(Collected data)
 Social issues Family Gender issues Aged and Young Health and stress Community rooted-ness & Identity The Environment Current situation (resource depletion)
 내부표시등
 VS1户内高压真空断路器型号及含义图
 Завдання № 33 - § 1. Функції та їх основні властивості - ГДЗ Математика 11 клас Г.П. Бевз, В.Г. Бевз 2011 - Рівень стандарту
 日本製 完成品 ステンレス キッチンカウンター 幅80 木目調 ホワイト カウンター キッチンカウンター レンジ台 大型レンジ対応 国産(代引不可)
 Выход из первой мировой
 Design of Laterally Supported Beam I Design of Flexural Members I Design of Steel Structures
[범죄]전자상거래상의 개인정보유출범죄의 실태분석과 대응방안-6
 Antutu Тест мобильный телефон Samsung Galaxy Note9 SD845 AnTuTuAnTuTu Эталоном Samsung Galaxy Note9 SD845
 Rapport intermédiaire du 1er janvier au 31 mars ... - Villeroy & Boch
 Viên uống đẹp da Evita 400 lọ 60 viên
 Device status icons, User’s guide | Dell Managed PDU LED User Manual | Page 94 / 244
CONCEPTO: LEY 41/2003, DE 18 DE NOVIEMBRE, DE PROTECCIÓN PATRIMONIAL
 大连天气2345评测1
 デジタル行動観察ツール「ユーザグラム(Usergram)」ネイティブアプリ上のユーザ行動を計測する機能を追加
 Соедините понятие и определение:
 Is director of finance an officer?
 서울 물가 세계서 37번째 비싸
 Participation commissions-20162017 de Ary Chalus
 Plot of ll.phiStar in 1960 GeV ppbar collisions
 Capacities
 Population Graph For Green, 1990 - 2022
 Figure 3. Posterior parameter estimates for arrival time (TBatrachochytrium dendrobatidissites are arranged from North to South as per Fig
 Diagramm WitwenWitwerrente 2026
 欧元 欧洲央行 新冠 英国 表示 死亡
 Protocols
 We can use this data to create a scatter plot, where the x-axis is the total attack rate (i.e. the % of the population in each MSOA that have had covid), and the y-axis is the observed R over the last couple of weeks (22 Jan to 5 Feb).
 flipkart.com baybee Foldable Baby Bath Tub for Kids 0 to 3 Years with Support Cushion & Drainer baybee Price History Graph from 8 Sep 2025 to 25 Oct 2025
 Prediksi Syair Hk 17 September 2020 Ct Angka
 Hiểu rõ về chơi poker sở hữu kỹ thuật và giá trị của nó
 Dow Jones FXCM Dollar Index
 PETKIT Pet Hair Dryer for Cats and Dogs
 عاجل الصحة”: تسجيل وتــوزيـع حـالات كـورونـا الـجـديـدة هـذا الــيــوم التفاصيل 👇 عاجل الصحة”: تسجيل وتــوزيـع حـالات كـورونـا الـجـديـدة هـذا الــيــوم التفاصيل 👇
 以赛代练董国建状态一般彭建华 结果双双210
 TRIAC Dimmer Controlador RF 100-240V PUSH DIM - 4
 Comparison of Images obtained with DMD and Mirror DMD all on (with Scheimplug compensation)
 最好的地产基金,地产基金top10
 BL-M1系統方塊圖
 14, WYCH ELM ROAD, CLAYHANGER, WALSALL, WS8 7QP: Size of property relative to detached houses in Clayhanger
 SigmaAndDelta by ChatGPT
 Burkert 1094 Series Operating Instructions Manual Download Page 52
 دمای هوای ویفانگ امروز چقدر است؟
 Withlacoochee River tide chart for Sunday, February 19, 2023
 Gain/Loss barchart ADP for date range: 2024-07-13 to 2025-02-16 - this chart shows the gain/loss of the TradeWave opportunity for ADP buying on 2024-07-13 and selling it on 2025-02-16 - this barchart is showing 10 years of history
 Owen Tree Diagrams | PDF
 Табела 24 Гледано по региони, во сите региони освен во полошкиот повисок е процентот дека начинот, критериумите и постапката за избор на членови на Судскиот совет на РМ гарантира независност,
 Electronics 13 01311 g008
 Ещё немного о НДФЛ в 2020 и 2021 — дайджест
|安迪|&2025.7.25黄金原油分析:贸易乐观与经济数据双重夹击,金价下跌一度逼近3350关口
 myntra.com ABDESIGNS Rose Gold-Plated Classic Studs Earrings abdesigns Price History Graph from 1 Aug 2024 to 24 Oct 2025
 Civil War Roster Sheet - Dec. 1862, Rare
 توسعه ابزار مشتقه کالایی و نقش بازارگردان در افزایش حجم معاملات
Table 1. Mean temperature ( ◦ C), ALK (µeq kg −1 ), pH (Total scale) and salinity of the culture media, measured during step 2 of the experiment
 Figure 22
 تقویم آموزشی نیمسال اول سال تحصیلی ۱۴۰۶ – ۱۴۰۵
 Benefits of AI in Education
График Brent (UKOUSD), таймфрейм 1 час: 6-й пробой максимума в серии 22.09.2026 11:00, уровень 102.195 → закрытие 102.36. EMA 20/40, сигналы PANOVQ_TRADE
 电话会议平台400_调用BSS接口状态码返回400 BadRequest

• **TASK DETAILS**
Every entry shown earlier is to be returned exactly, line for line.

• **PROBLEM SOLUTION**
 Social issues Family Gender issues Aged and Young Health and stress Community rooted-ness & Identity The Environment Current situation (resource depletion)
 내부표시등
 VS1户内高压真空断路器型号及含义图
 Завдання № 33 - § 1. Функції та їх основні властивості - ГДЗ Математика 11 клас Г.П. Бевз, В.Г. Бевз 2011 - Рівень стандарту
 日本製 完成品 ステンレス キッチンカウンター 幅80 木目調 ホワイト カウンター キッチンカウンター レンジ台 大型レンジ対応 国産(代引不可)
 Выход из первой мировой
 Design of Laterally Supported Beam I Design of Flexural Members I Design of Steel Structures
[범죄]전자상거래상의 개인정보유출범죄의 실태분석과 대응방안-6
 Antutu Тест мобильный телефон Samsung Galaxy Note9 SD845 AnTuTuAnTuTu Эталоном Samsung Galaxy Note9 SD845
 Rapport intermédiaire du 1er janvier au 31 mars ... - Villeroy & Boch
 Viên uống đẹp da Evita 400 lọ 60 viên
 Device status icons, User’s guide | Dell Managed PDU LED User Manual | Page 94 / 244
CONCEPTO: LEY 41/2003, DE 18 DE NOVIEMBRE, DE PROTECCIÓN PATRIMONIAL
 大连天气2345评测1
 デジタル行動観察ツール「ユーザグラム(Usergram)」ネイティブアプリ上のユーザ行動を計測する機能を追加
 Соедините понятие и определение:
 Is director of finance an officer?
 서울 물가 세계서 37번째 비싸
 Participation commissions-20162017 de Ary Chalus
 Plot of ll.phiStar in 1960 GeV ppbar collisions
 Capacities
 Population Graph For Green, 1990 - 2022
 Figure 3. Posterior parameter estimates for arrival time (TBatrachochytrium dendrobatidissites are arranged from North to South as per Fig
 Diagramm WitwenWitwerrente 2026
 欧元 欧洲央行 新冠 英国 表示 死亡
 Protocols
 We can use this data to create a scatter plot, where the x-axis is the total attack rate (i.e. the % of the population in each MSOA that have had covid), and the y-axis is the observed R over the last couple of weeks (22 Jan to 5 Feb).
 flipkart.com baybee Foldable Baby Bath Tub for Kids 0 to 3 Years with Support Cushion & Drainer baybee Price History Graph from 8 Sep 2025 to 25 Oct 2025
 Prediksi Syair Hk 17 September 2020 Ct Angka
 Hiểu rõ về chơi poker sở hữu kỹ thuật và giá trị của nó
 Dow Jones FXCM Dollar Index
 PETKIT Pet Hair Dryer for Cats and Dogs
 عاجل الصحة”: تسجيل وتــوزيـع حـالات كـورونـا الـجـديـدة هـذا الــيــوم التفاصيل 👇 عاجل الصحة”: تسجيل وتــوزيـع حـالات كـورونـا الـجـديـدة هـذا الــيــوم التفاصيل 👇
 以赛代练董国建状态一般彭建华 结果双双210
 TRIAC Dimmer Controlador RF 100-240V PUSH DIM - 4
 Comparison of Images obtained with DMD and Mirror DMD all on (with Scheimplug compensation)
 最好的地产基金,地产基金top10
 BL-M1系統方塊圖
 14, WYCH ELM ROAD, CLAYHANGER, WALSALL, WS8 7QP: Size of property relative to detached houses in Clayhanger
 SigmaAndDelta by ChatGPT
 Burkert 1094 Series Operating Instructions Manual Download Page 52
 دمای هوای ویفانگ امروز چقدر است؟
 Withlacoochee River tide chart for Sunday, February 19, 2023
 Gain/Loss barchart ADP for date range: 2024-07-13 to 2025-02-16 - this chart shows the gain/loss of the TradeWave opportunity for ADP buying on 2024-07-13 and selling it on 2025-02-16 - this barchart is showing 10 years of history
 Owen Tree Diagrams | PDF
 Табела 24 Гледано по региони, во сите региони освен во полошкиот повисок е процентот дека начинот, критериумите и постапката за избор на членови на Судскиот совет на РМ гарантира независност,
 Electronics 13 01311 g008
 Ещё немного о НДФЛ в 2020 и 2021 — дайджест
|安迪|&2025.7.25黄金原油分析:贸易乐观与经济数据双重夹击,金价下跌一度逼近3350关口
 myntra.com ABDESIGNS Rose Gold-Plated Classic Studs Earrings abdesigns Price History Graph from 1 Aug 2024 to 24 Oct 2025
 Civil War Roster Sheet - Dec. 1862, Rare
 توسعه ابزار مشتقه کالایی و نقش بازارگردان در افزایش حجم معاملات
Table 1. Mean temperature ( ◦ C), ALK (µeq kg −1 ), pH (Total scale) and salinity of the culture media, measured during step 2 of the experiment
 Figure 22
 تقویم آموزشی نیمسال اول سال تحصیلی ۱۴۰۶ – ۱۴۰۵
 Benefits of AI in Education
График Brent (UKOUSD), таймфрейм 1 час: 6-й пробой максимума в серии 22.09.2026 11:00, уровень 102.195 → закрытие 102.36. EMA 20/40, сигналы PANOVQ_TRADE
 电话会议平台400_调用BSS接口状态码返回400 BadRequest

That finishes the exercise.